A growing number of young adults are foregoing sex and, in many cases, intimate relationships entirely.

An August 2018 survey discovered that 64 percent of Japan’s 18-to-34-year-olds are virgins and the same proportion has never had a romantic relationship. Another study that month reported that 30 percent of Japanese men under age 30 have never dated. Also in August, the Japan Family Planning Association found that 45 percent of women and 26 percent of men ages 16 to 24 had no interest in, or even “despised” the idea of a sexual relationship.

As a result, fewer Japanese are coming into the world – so much so that adult diapers outsell children’s. From 2016 to 2017, Japan’s population fell by 300,000. The trend line shows the number plummeting by 900,000 a year by 2045.

Japan isn’t alone. Germany, Italy, Portugal, and Switzerland have birth rates roughly equal to Japan’s. Russia’s population is on trend to fall by almost a quarter by 2050.

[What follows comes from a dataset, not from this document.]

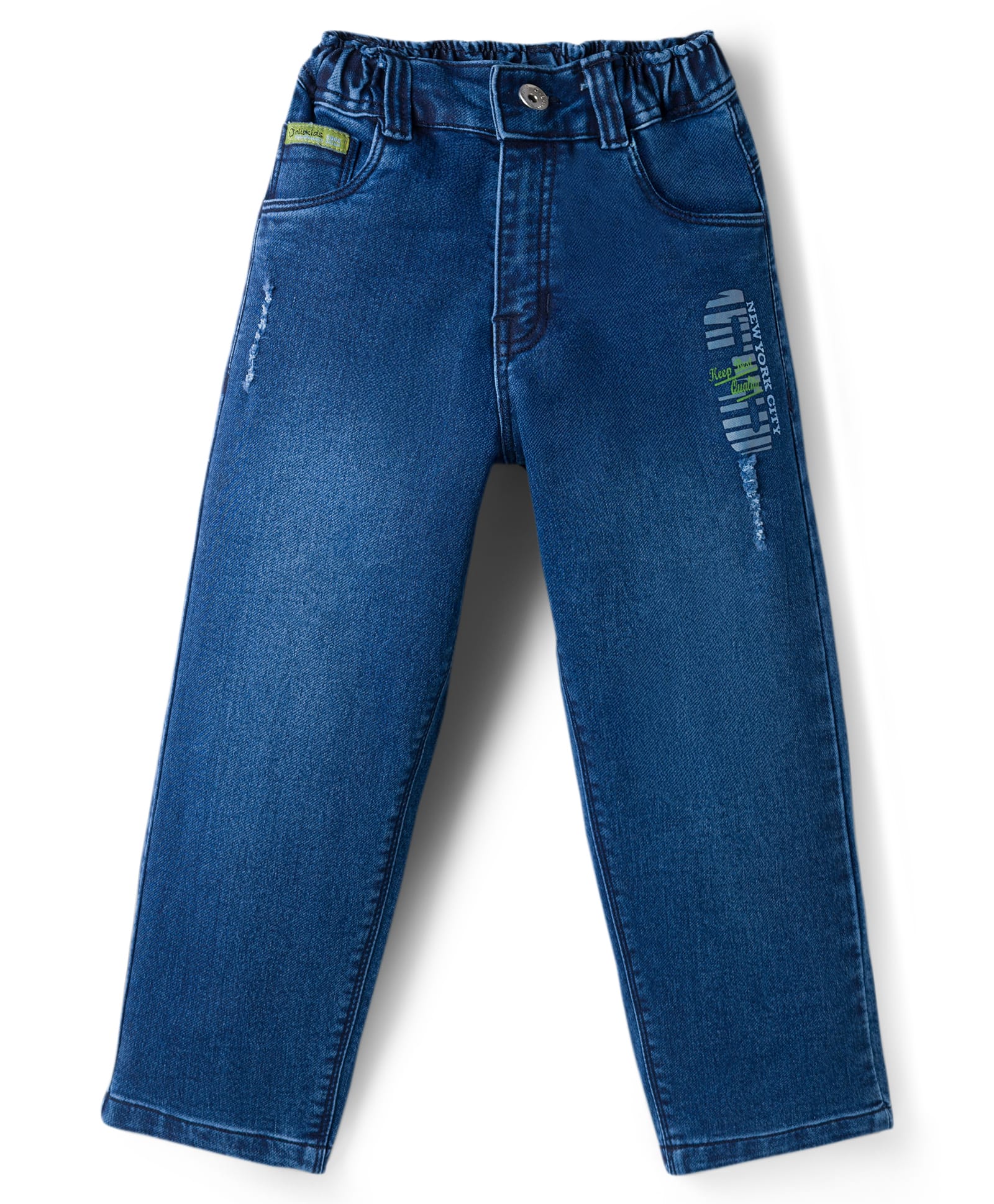 Olio Kids Denim Woven Full Length Distressed Text Printed Jeans - Navy Blue-picture-10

The US birth rate fell to a record low in 2017, the second consecutive year that happened; 500,000 fewer babies were born, year on year. Birth control and women’s interest in their careers play a part but people also are having sex less often: adults told surveys they were having sex an average of five times a month in 1990, four in 2000, and three in 2010. Adults in Australia and Great Britain report similar declines.


TRENDPOST

This so-called “celibacy syndrome” has many causes: overwork, late-night television, peoples’ addiction to surfing the web in bed with their smartphones instead of turning to their partners. Studies in France and the UK correlate mens’ overindulgence in Internet pornography to a diminished interest in having actual sex; one investigation found that 50 percent of men addicted to on-line porn are impotent when it’s time to perform with a human.

Japan has nudged it birth rate up a little by guaranteeing free childcare and kindergarten to all families. But such small, though significant, measures are unlikely to reverse the trend in the near term in the developed world.